Short descriptive text snippets:
-- -- --

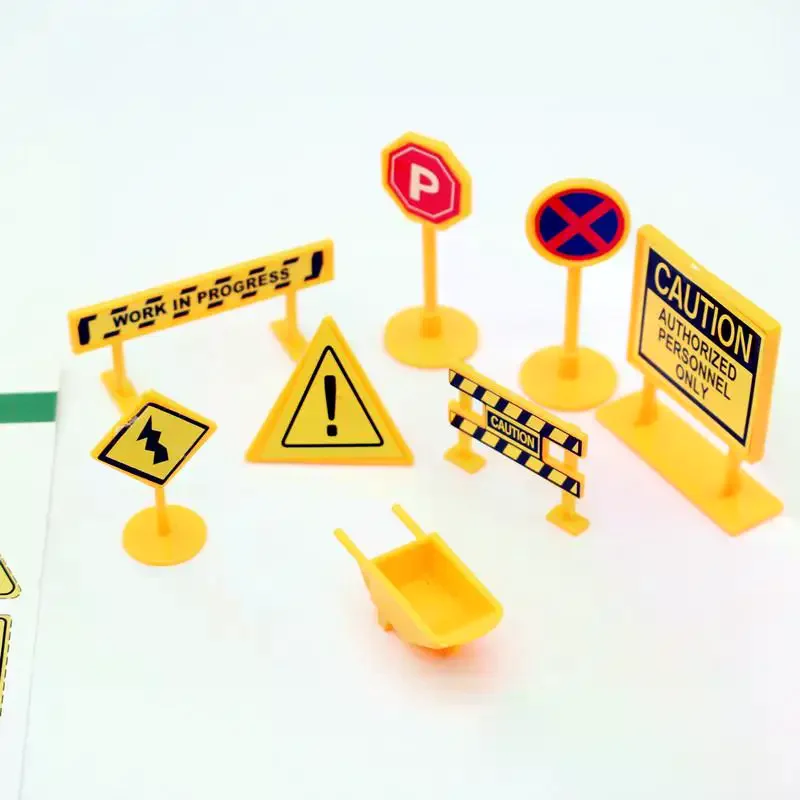 8Pcs Puppenhaus Stadt Engineering Straße Zeichen Gelb Verkehrs Modell Simulation Artikel Ornament Miniatur Spielzeug Puppe Haus Zubehör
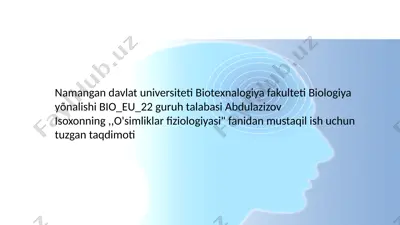 o'simliklar fiziologiyasi — PPTX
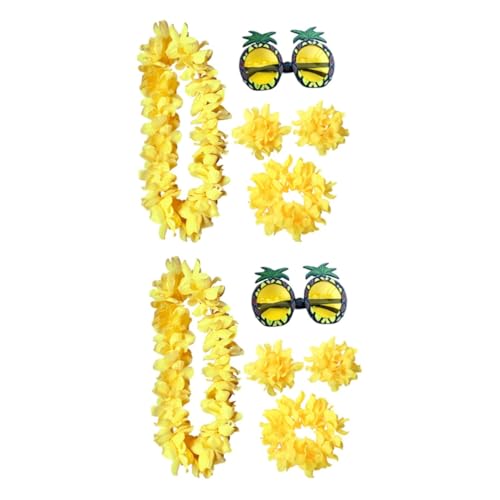 Holibanna 10 Stk hawaiianisches Partykostüm tropischer Blumenkranz Luau-Gastgeschenke hawaiianische Halskette schnapsgläser Partybrille Hawaii-Girlande Ananas Requisiten Kombination von Holibanna
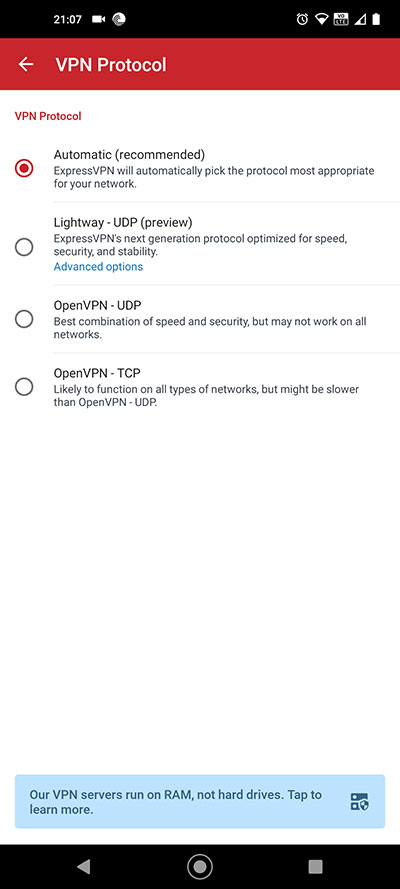 ExpressVPN Protocols on Android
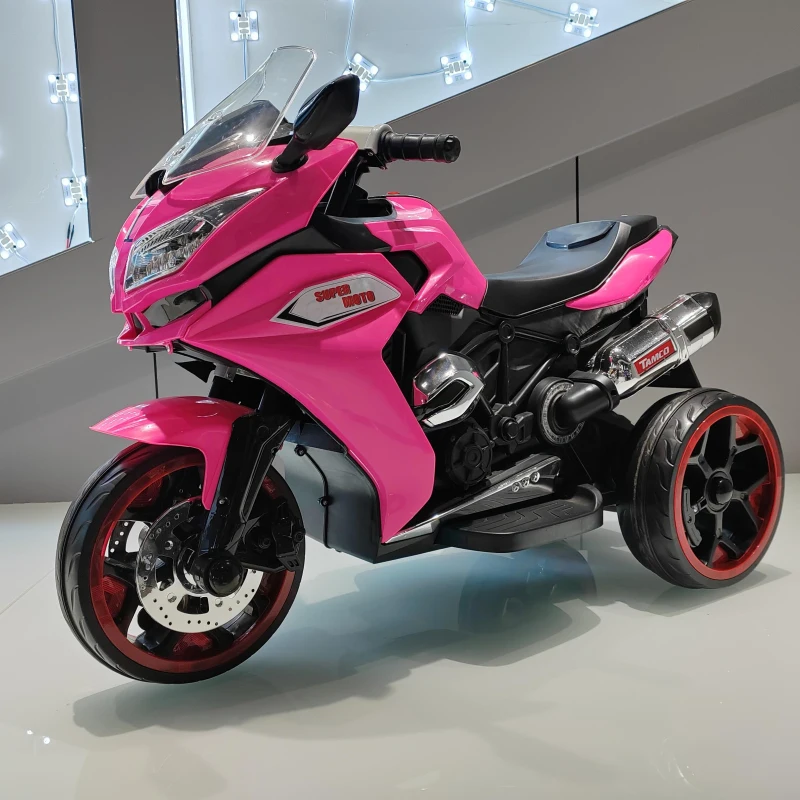 12V Kids Electric Ride-On Motorcycle with LED Headlight and Lighting Wheels, Motorbike Perfect for Ages 3–6, 41.5" L x 18" W x 25" H, Pink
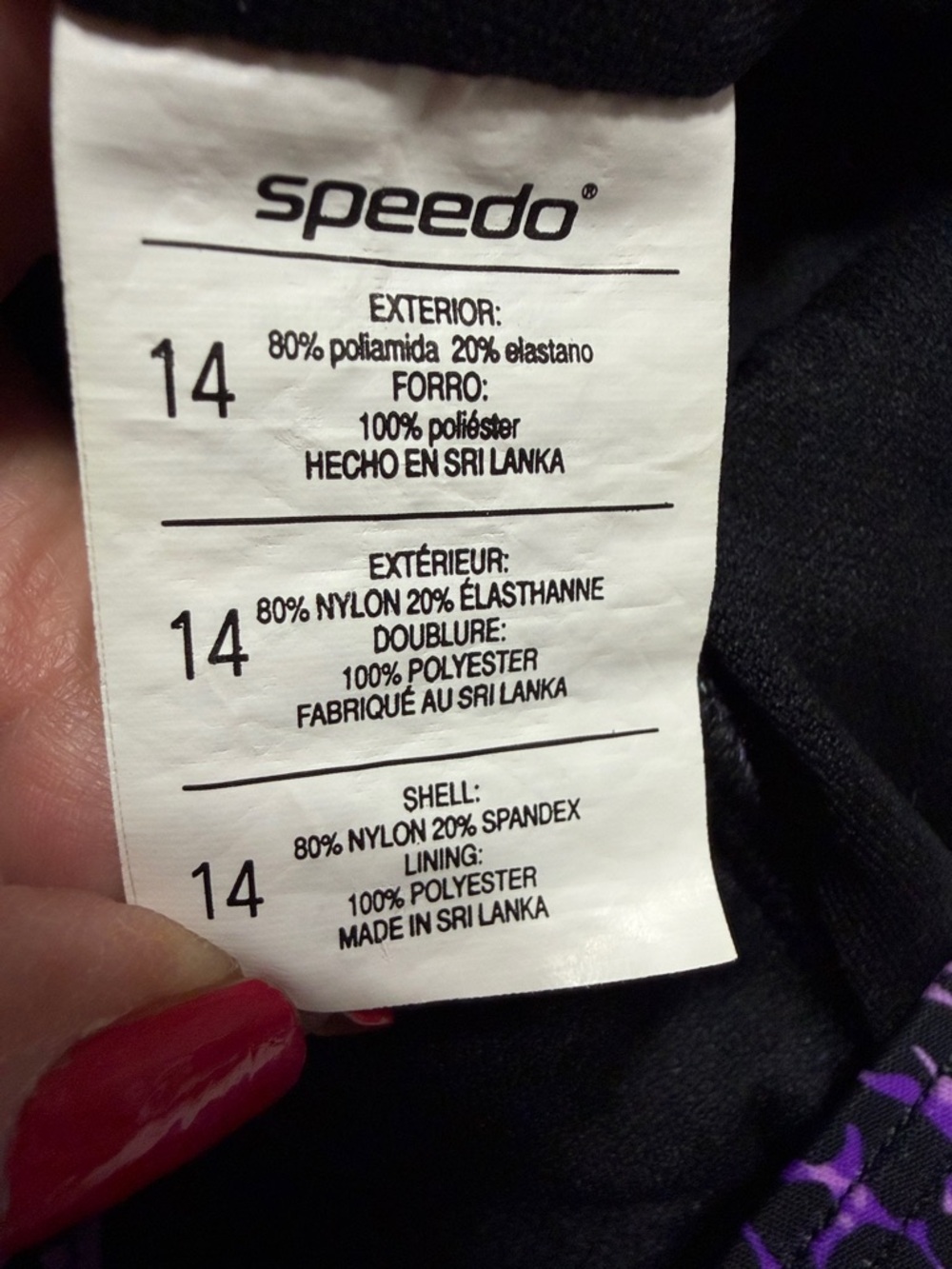 Speedo Black and Purple Patterned One-Piece Swimsuit - Picture 2 of 6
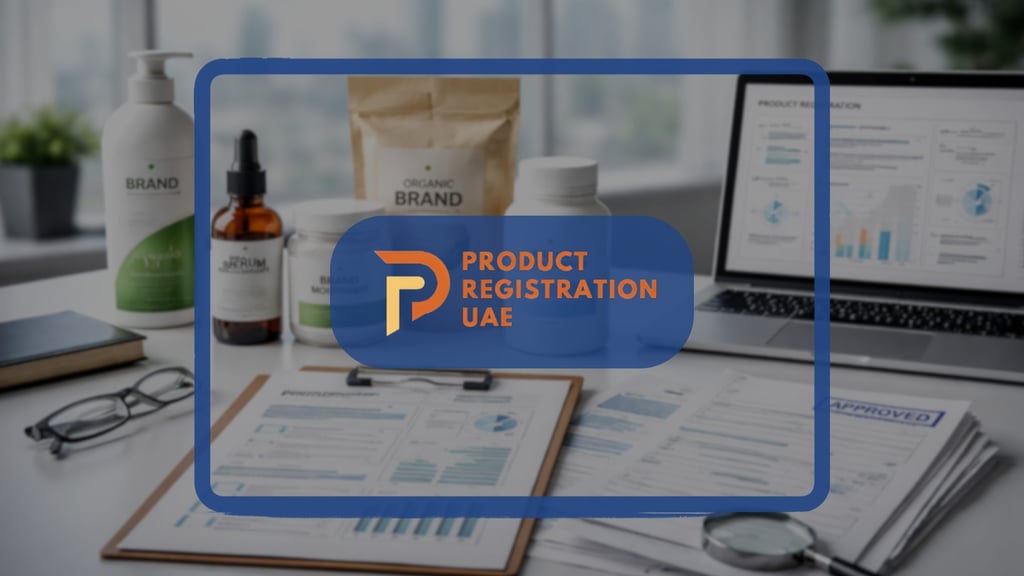 Private label product registration UAE compliance review with branded consumer products and regulatory documents on desk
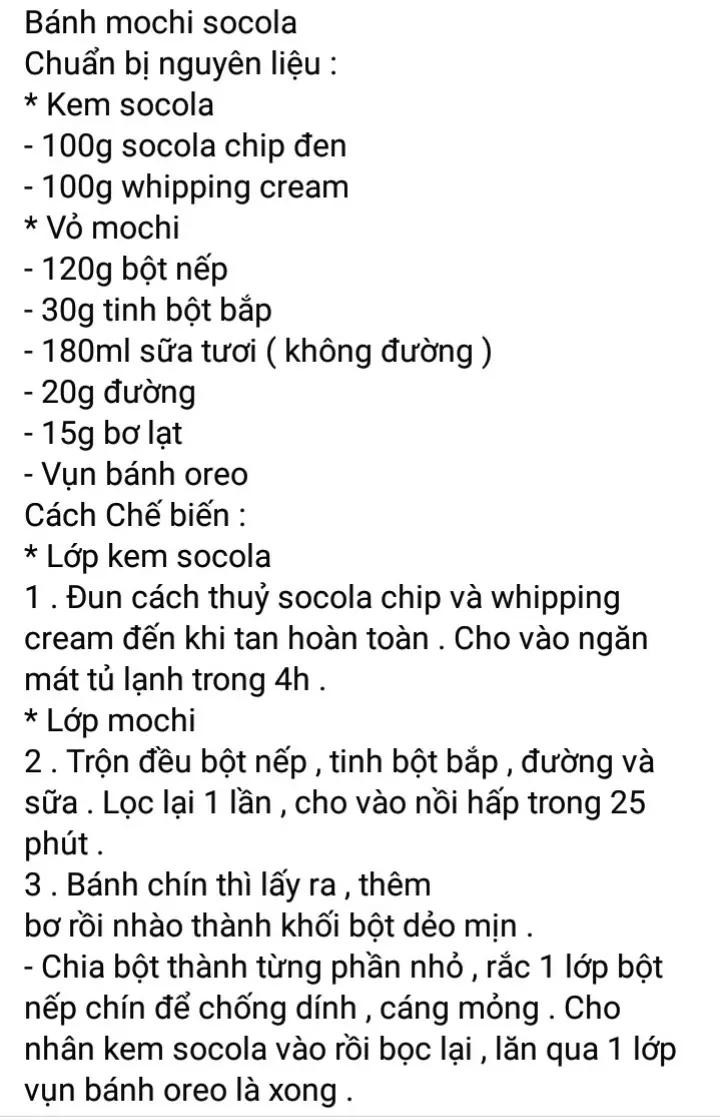 bánh mochi socola, bánh mochi kem trà xanh, bánh mochi chà bông, bánh mochi kem dâu, bánh mochi kem bạc hà, bánh mochi kem oreo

-- -- --

• _What you are asked to do_:
Every entry, exactly as written: transcribe it, passing over any pictures.

• _Task result_:
 8Pcs Puppenhaus Stadt Engineering Straße Zeichen Gelb Verkehrs Modell Simulation Artikel Ornament Miniatur Spielzeug Puppe Haus Zubehör
 o'simliklar fiziologiyasi — PPTX
 Holibanna 10 Stk hawaiianisches Partykostüm tropischer Blumenkranz Luau-Gastgeschenke hawaiianische Halskette schnapsgläser Partybrille Hawaii-Girlande Ananas Requisiten Kombination von Holibanna
 ExpressVPN Protocols on Android
 12V Kids Electric Ride-On Motorcycle with LED Headlight and Lighting Wheels, Motorbike Perfect for Ages 3–6, 41.5" L x 18" W x 25" H, Pink
 Speedo Black and Purple Patterned One-Piece Swimsuit - Picture 2 of 6
 Private label product registration UAE compliance review with branded consumer products and regulatory documents on desk
 bánh mochi socola, bánh mochi kem trà xanh, bánh mochi chà bông, bánh mochi kem dâu, bánh mochi kem bạc hà, bánh mochi kem oreo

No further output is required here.